= Euippe =

Greek mythology name

Euippe /ˌjuːˈɪpi/ or Evippe /iːˈvɪpi/ (Εὐίππη) is the name of eight women in Greek mythology:
- Euippe, a daughter of Danaus and the naiad Polyxo. She married (and murdered) Imbrus, son of Aegyptus and Caliadne.
- Euippe, another daughter of Danaus, this time by an Ethiopian woman. She married either Argius, son of Aegyptus and a Phoenician woman, or Agenor, son of Aegyptus.
- Euippe, another name for Hippe, daughter of Chiron.

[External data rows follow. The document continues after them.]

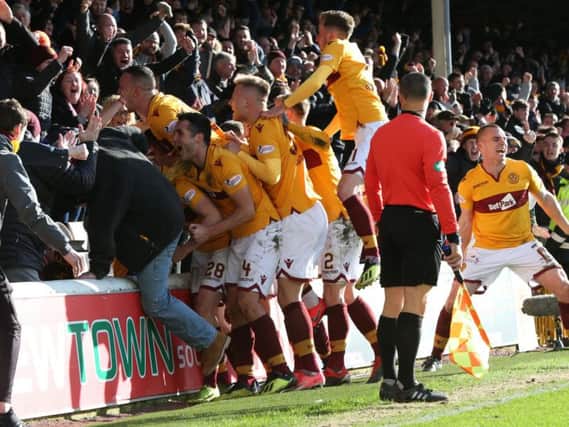 Motherwell players celebrate a 2-1 home league win over Hearts in February (Pic by Ian McFadyen)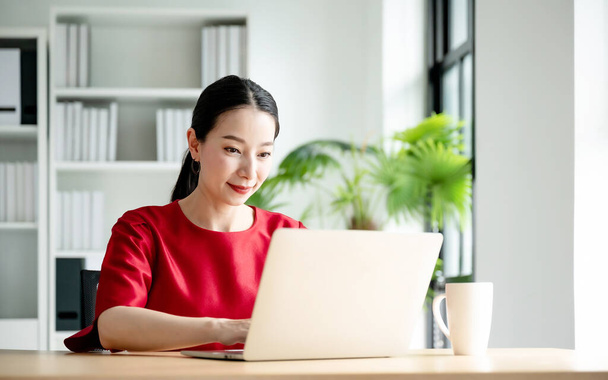 Arbeit zu Hause, Videokonferenz, Online-Videotelefonie, Porträt einer schönen jungen asiatischen Frau, die auf dem Computerbildschirm Webinar anschaut und am Laptop am Arbeitsplatz arbeitet - Foto, Bild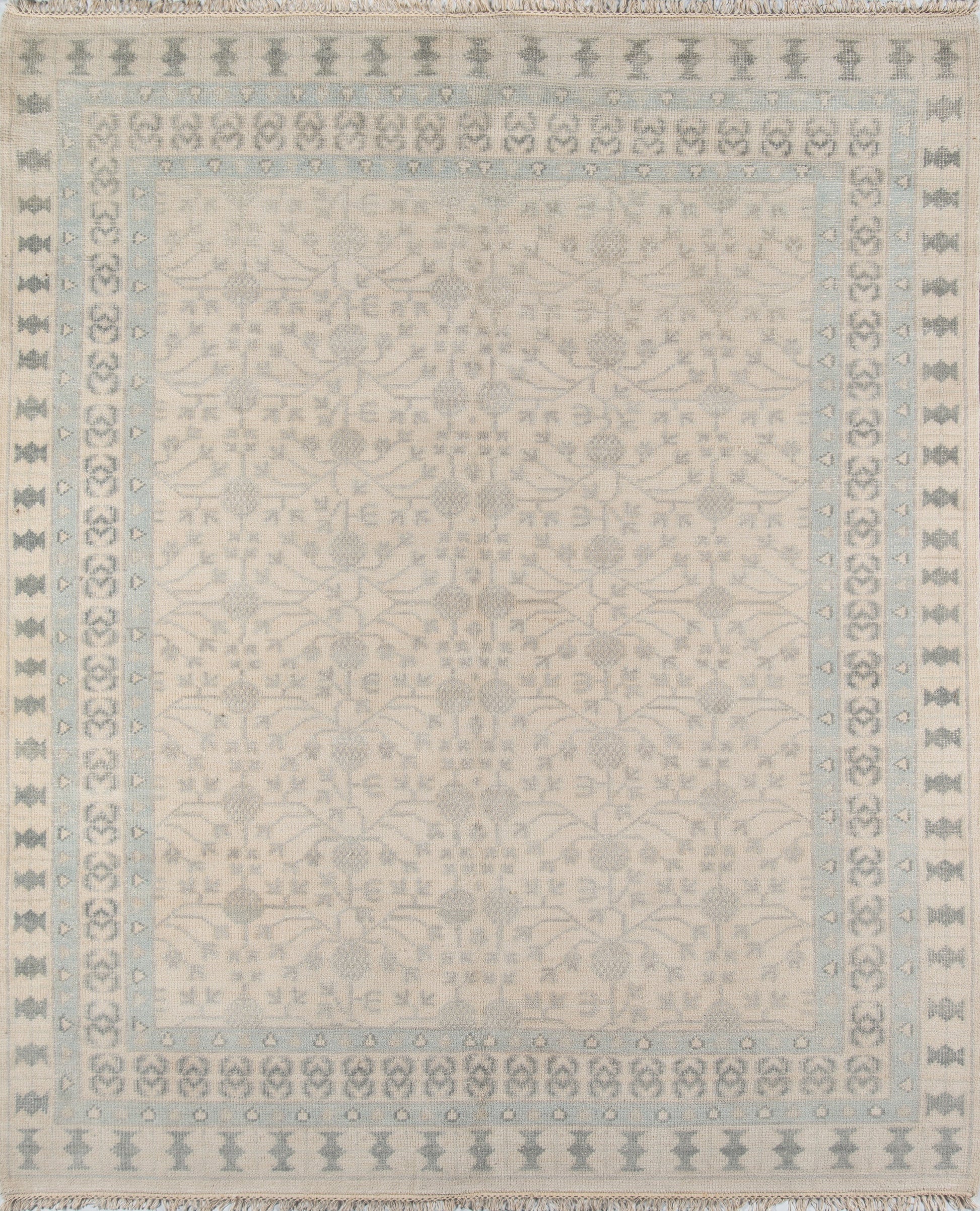Ivory rug with pale blue border and delicate floral damask center; fringed edges.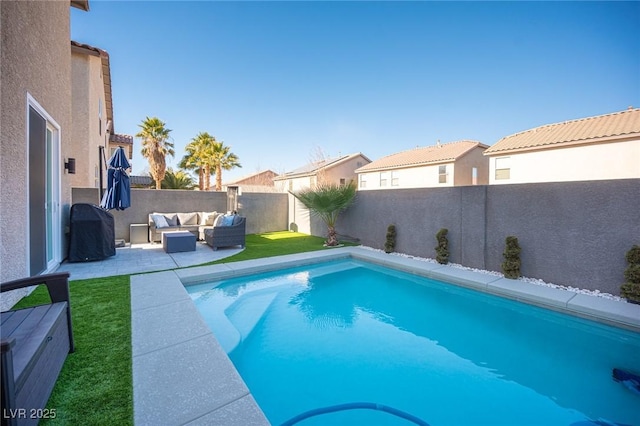 view of swimming pool with grilling area, an outdoor hangout area, and a patio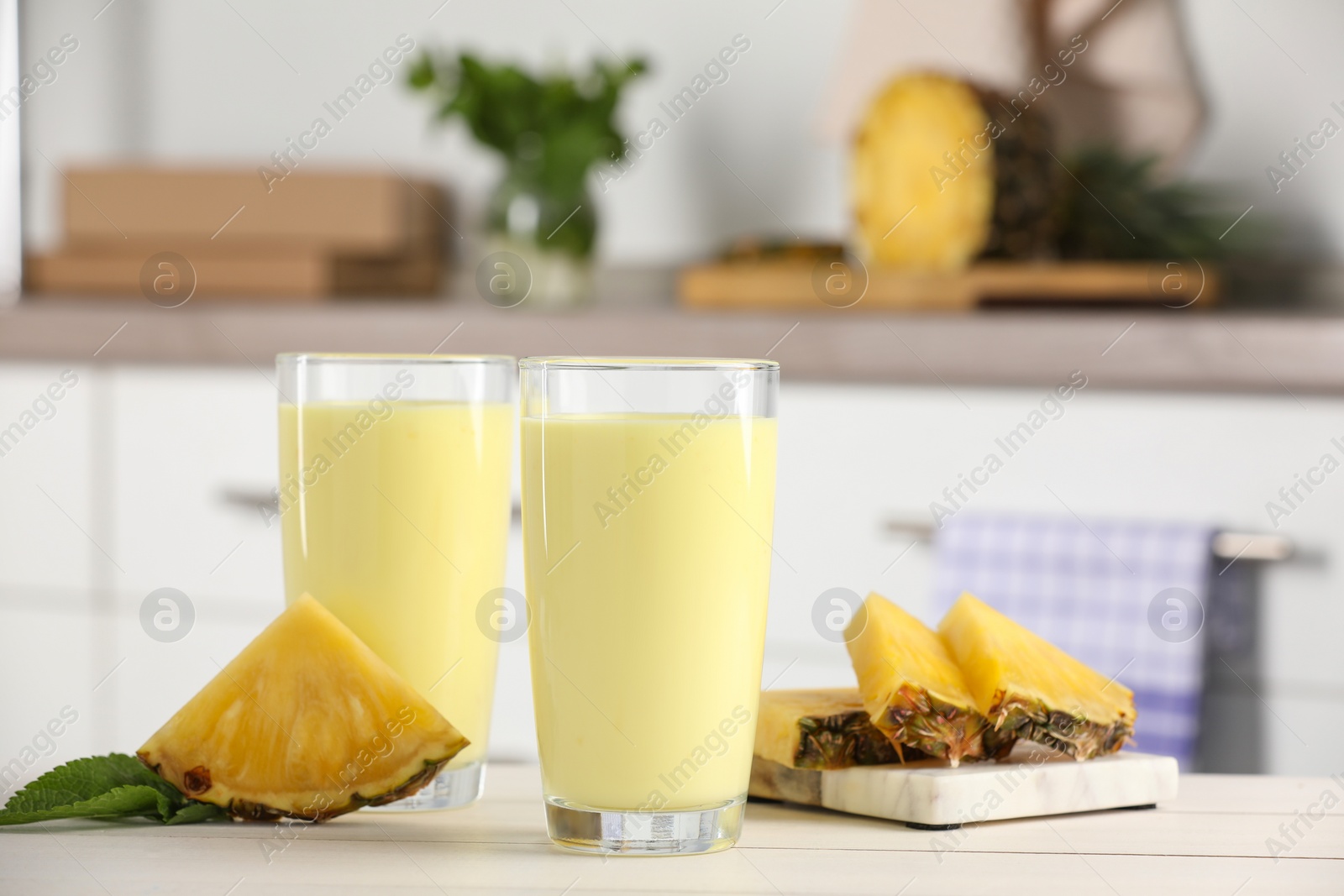 Photo of Glasses of tasty pineapple smoothie, mint and cut fruit on white table indoors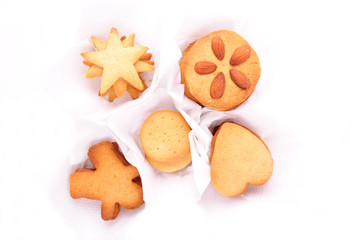 Christmas biscuits in white individual cases, isolated on white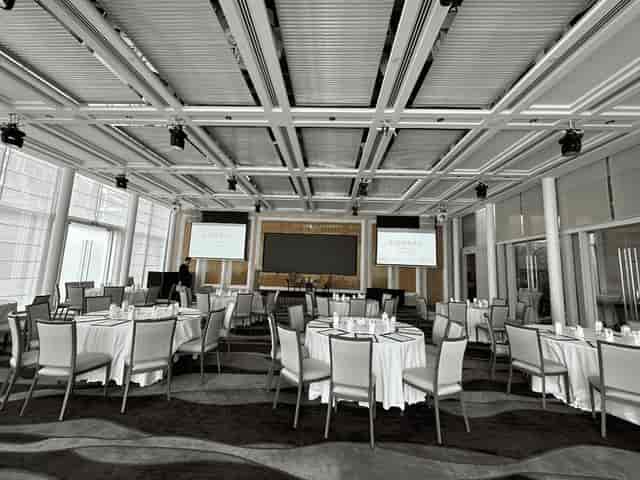 Conference center in Conrad Centennial Singapore with elegant round tables for corporate events.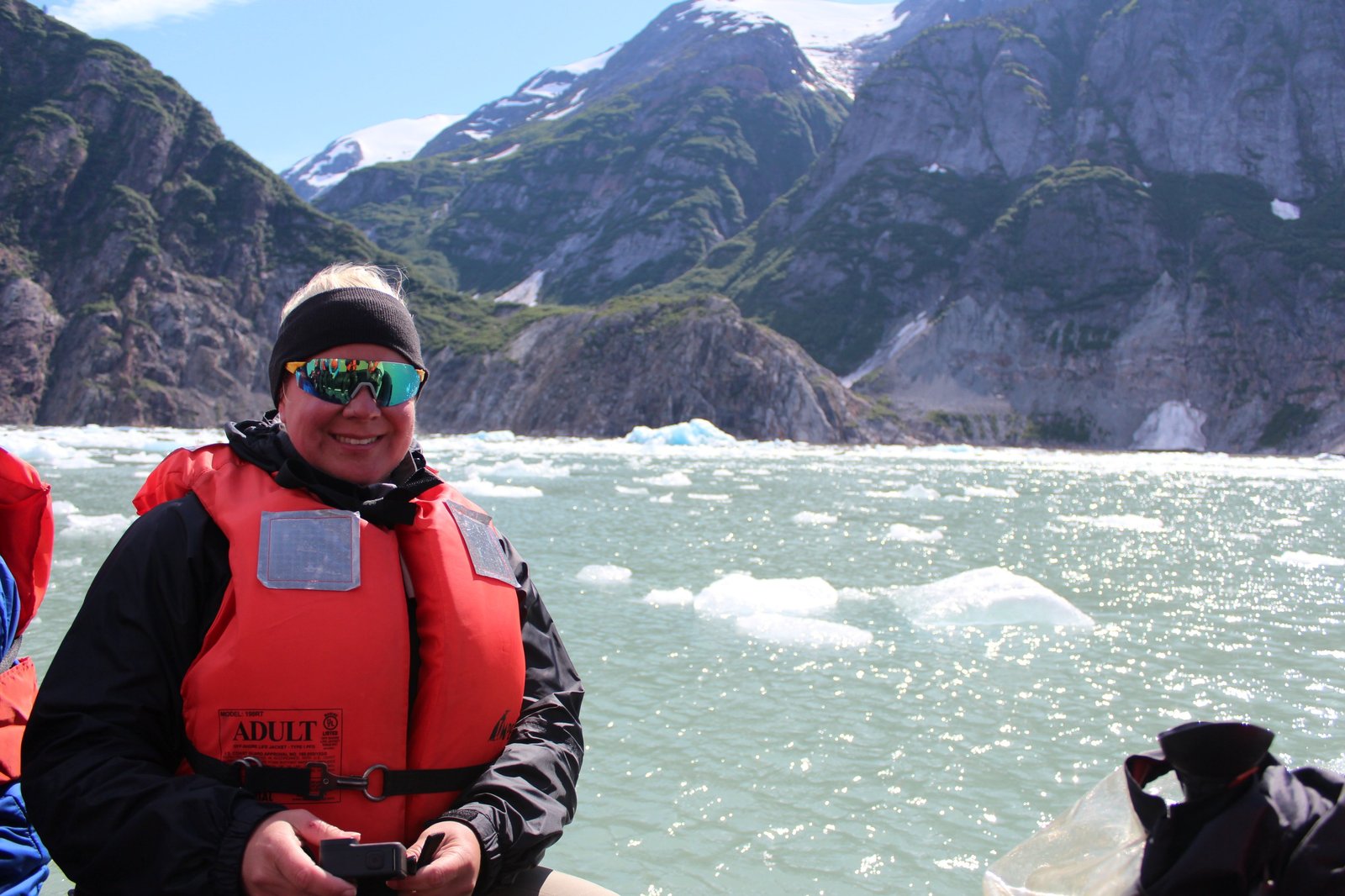 Erika Commisso in a life jacket aboard a Zodiac on brash-ice-strewn water below snow-streaked Alaskan mountains.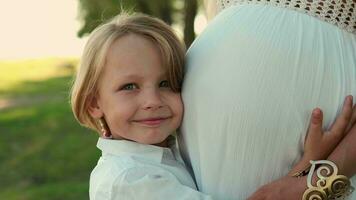 The child kisses and strokes the belly of a pregnant mother. video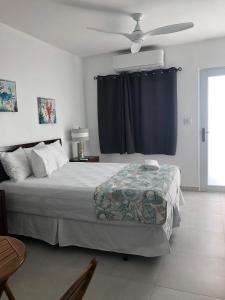 1 dormitorio con 1 cama y ventilador de techo en Amapola Beachfront Studio, en San Juan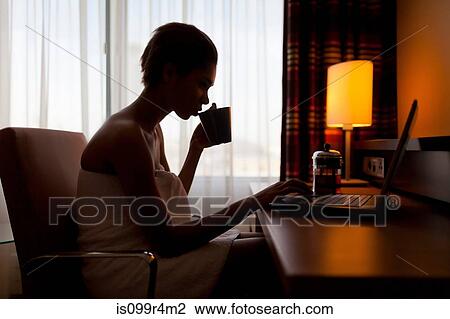 Stock Image - Young woman sitting at laptop in hotel room. Fotosearch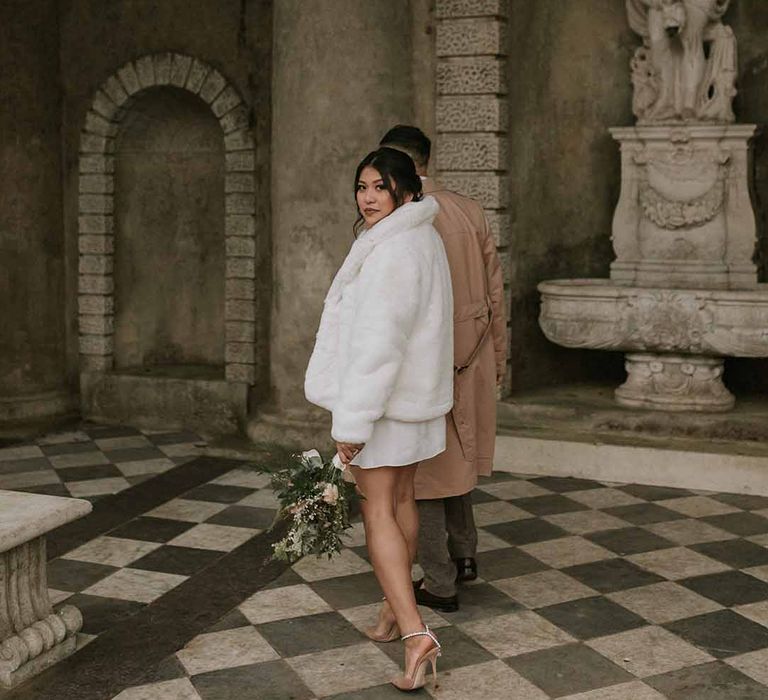 Vanessa Cocchiaro short wedding dress, neutral floral bouquet, nude Jimmy Choos and white fluffy cropped fur coat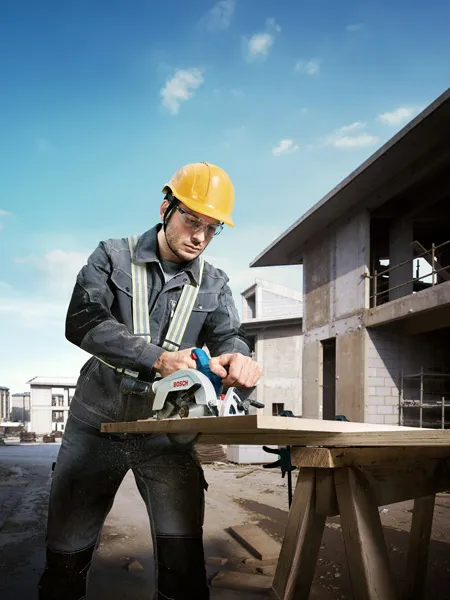 A person wearing safety equipment cuts wood with a circular saw at a construction site.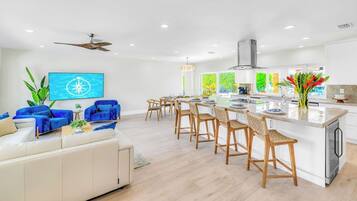 Une cuisine moderne dotée d’un îlot central, de tabourets de bar et d’un coin repas avec un canapé blanc et des chaises bleues.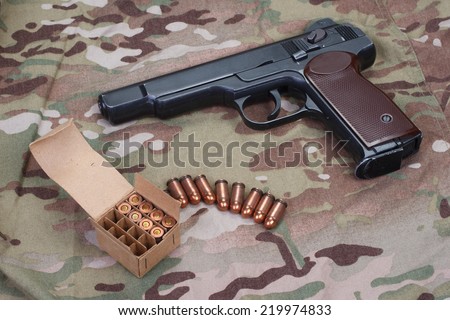 Stechkin automatic pistol APS on camouflage background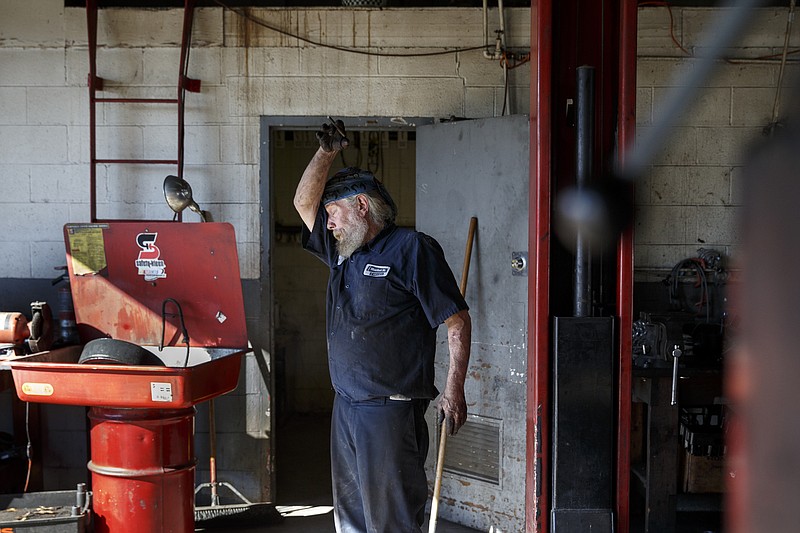 Mechanic Chip Paris wipes his forehead on his sleeve after finish a brake job at Market Street Tire & Auto on Wednesday, Nov. 11, 2015, in Chattanooga, Tenn. The business is preparing to close for 6-8 weeks before returning as a corporate Firestone Tire location.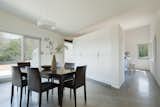 Dining Room, Chair, Table, Pendant Lighting, and Storage  Photo 3 of 10 in Steller House by Gisela Schmoll Architect, PC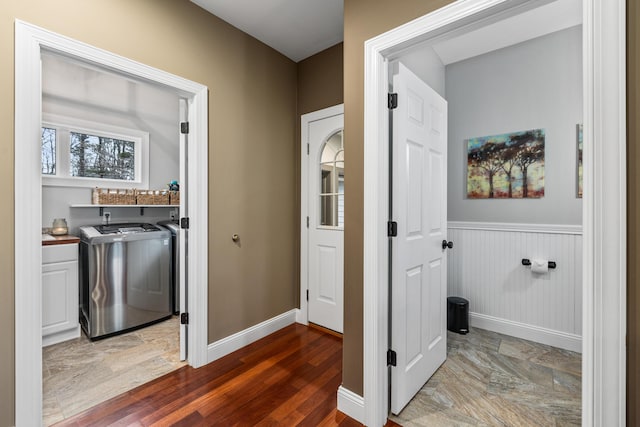 laundry area with laundry area, washer and dryer, a wainscoted wall, and wood finished floors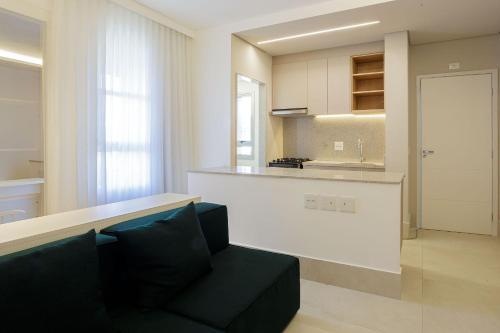 a living room with a couch and a kitchen at Luggo Inter Residence - Região Central BH in Belo Horizonte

- Euippe of Paionia, the mother, by Pierus, of the Pierides, nine sisters who challenged the Muses and, on their defeat, were turned into magpies.
- Euippe (daughter of Tyrimmas). She bore Odysseus a son, Euryalus, who was later mistakenly slain by his father.
- Euippe, daughter of Leucon. She bore Andreus a son, Eteocles, king of Orchomenus (not to be confused with Eteocles, son of Oedipus).
- Euippe, daughter of Daunus, the king of a people in Italy. She was loved by Alaenus, half-brother of Diomedes.
- Euippe, mother of Meriones by Molus. Hyginus referred to her by a different name, which survives in a corrupt form, *Melphis.